Conheça o desfile da União de Maricá
Na sua estreia no Sambódromo, a União de Maricá vem com 1500 componentes, divididos em 19 alas, com três carros alegóricos e um tripé, além do tripé da comissão de frente. O desfile é dividido em quatro setores.
1º Setor: “O primeiro setor fala sobre o local desses poetas, como eles enxergam um pouco o local onde eles vivem, como eles romantizam esse local. O desfile todo tem uma visão muito romântica, sobretudo porque é a visão da composição, é a visão da poesia, da melodia e tudo mais. Então, o abre-alas é isso, são esses barracos suspensos entre nuvens, em meio às bananeiras. É uma visão muito dos anos 70, dos anos 80, dessas favelas, que tem aquele monte de bananeira, os barracos e tal. Só que tudo isso envolto em muito luxo, obviamente, de delírio, de sonho.

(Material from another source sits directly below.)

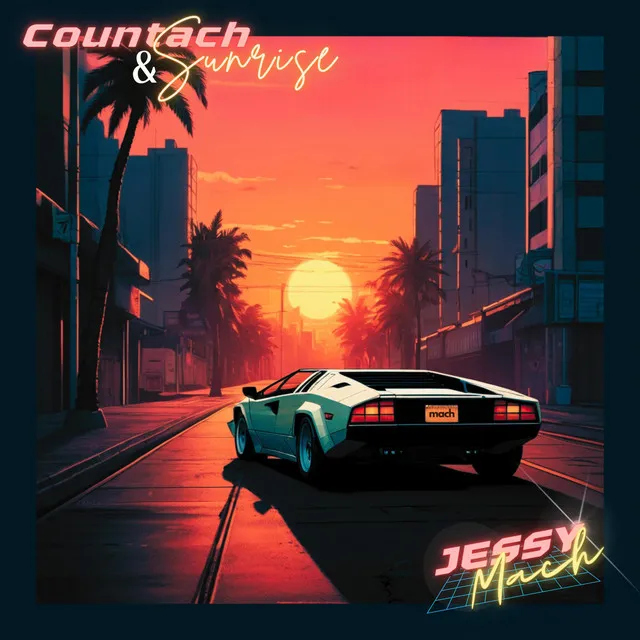 Countach and sunrise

Então, tem esses pássaros que vão voando. Enfim, tudo é muito romântico para essa visão do poeta sobre o seu lugar”.
2º Setor: “O segundo setor fala sobre como eles acabam compondo grandes músicas, também extremamente poéticas, sobre esses lugares, sobre denúncias desses lugares, músicas ótimas que falam sobre fome, falam sobre estrutura, sobre trabalho, sobre, enfim, sobre uma série de denúncias sociais que eles conseguem fazer através das suas músicas”.
3º Setor: “O terceiro setor fala sobre eles vivendo nesse mundo da escola de samba, sobre como eles constroem o mundo das escolas de samba, a partir também dos sambas-enredos, como os sambas-enredos, que são esses que a gente selecionou, acabam extrapolando o mundo da escola de samba para esses compositores, pensando que muitos compositores buscam esse reconhecimento, buscam o reconhecimento das suas obras”.
4º Setor: “E o último setor, fala sobre como eles depositam a esperança, esse esperançar, principalmente construindo músicas de fé e construindo músicas que propõem novos futuros a partir principalmente das crianças, a partir desse legado deles de que outras pessoas virão para manter essa busca por um esperançar de um lugar melhor, onde eles possam fazer música por fazer música, não necessariamente por viverem ou romantizarem esses lugares. Então, essa homenagem a essas múltiplas facetas que a gente encontra nesses compositores e sobre como eles conseguem criar imaginários para a gente em vários outros lugares”.